INFORMATION PROVIDED:
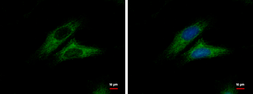 Anti-CTNNAL1 antibody [N3C2], Internal used in Immunocytochemistry/ Immunofluorescence (ICC/IF). GTX112226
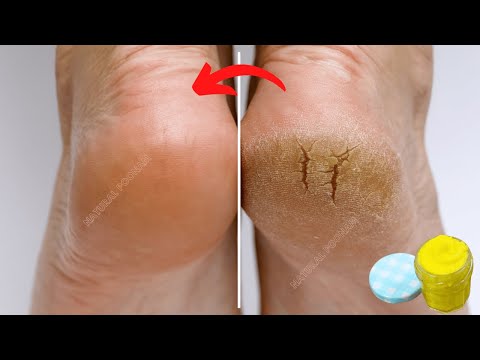 👣 Cracked Heels Home Treatment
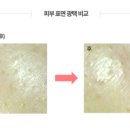 피부빛나다 - 안성시 | 피부빛나다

TASK INSTRUCTIONS: What is wanted is the listing, written out exactly, with each picture removed.

RESULT OF THE TASK:
 Anti-CTNNAL1 antibody [N3C2], Internal used in Immunocytochemistry/ Immunofluorescence (ICC/IF). GTX112226
 👣 Cracked Heels Home Treatment
 피부빛나다 - 안성시 | 피부빛나다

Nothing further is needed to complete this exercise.